**Provided records**
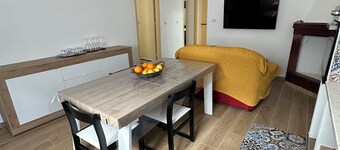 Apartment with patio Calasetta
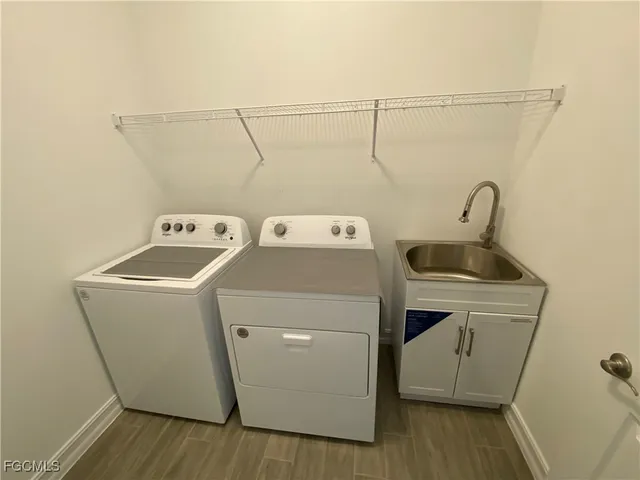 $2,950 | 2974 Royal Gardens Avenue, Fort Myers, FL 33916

* * *

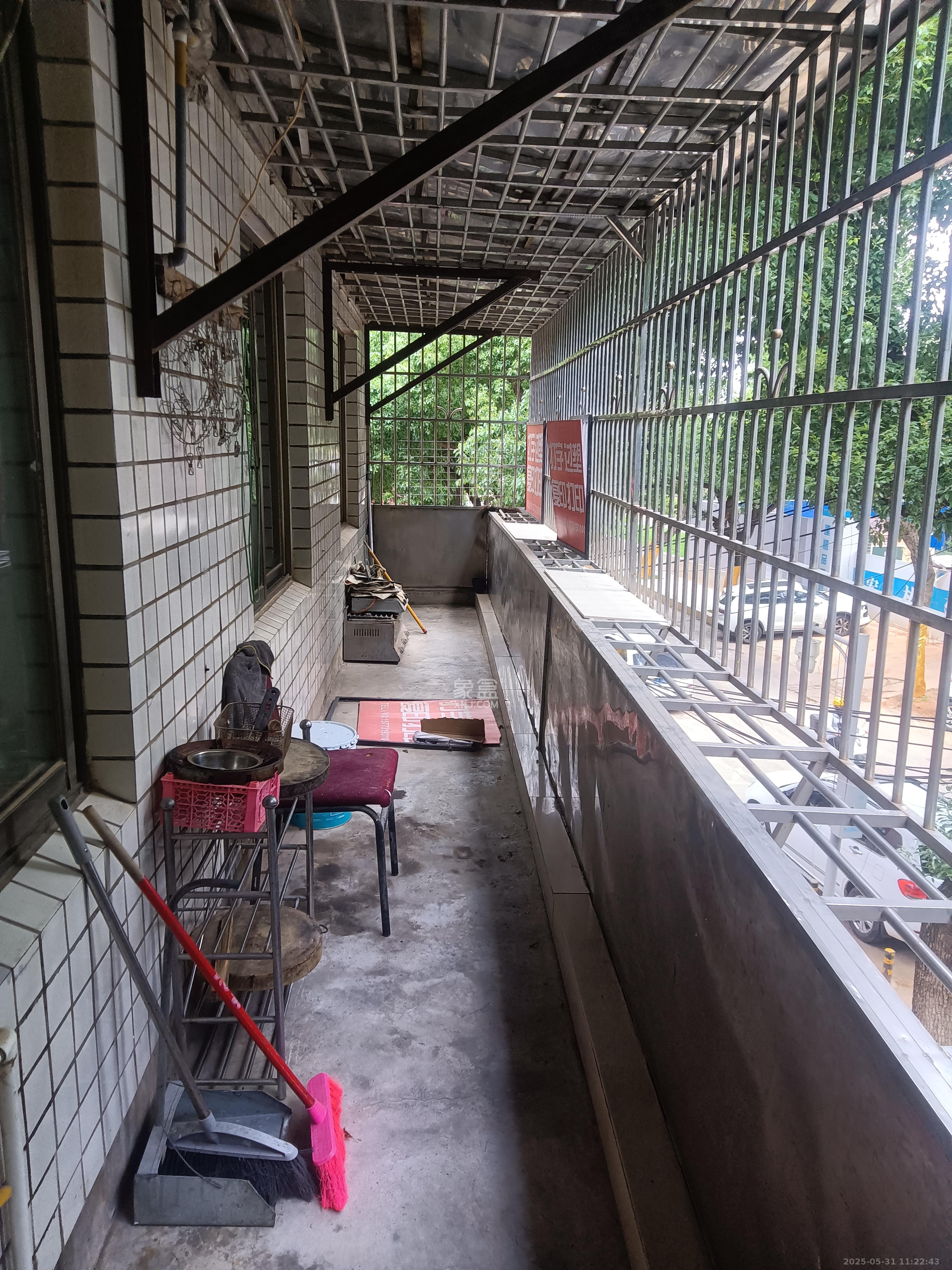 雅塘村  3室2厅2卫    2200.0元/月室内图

**Work order**
Whatever pictures the records hold, omit them; give again exactly the lines from the one containing "Apartment with patio Calasetta" through the one containing "Myers, FL 33916".

**Output below**
 Apartment with patio Calasetta
 $2,950 | 2974 Royal Gardens Avenue, Fort Myers, FL 33916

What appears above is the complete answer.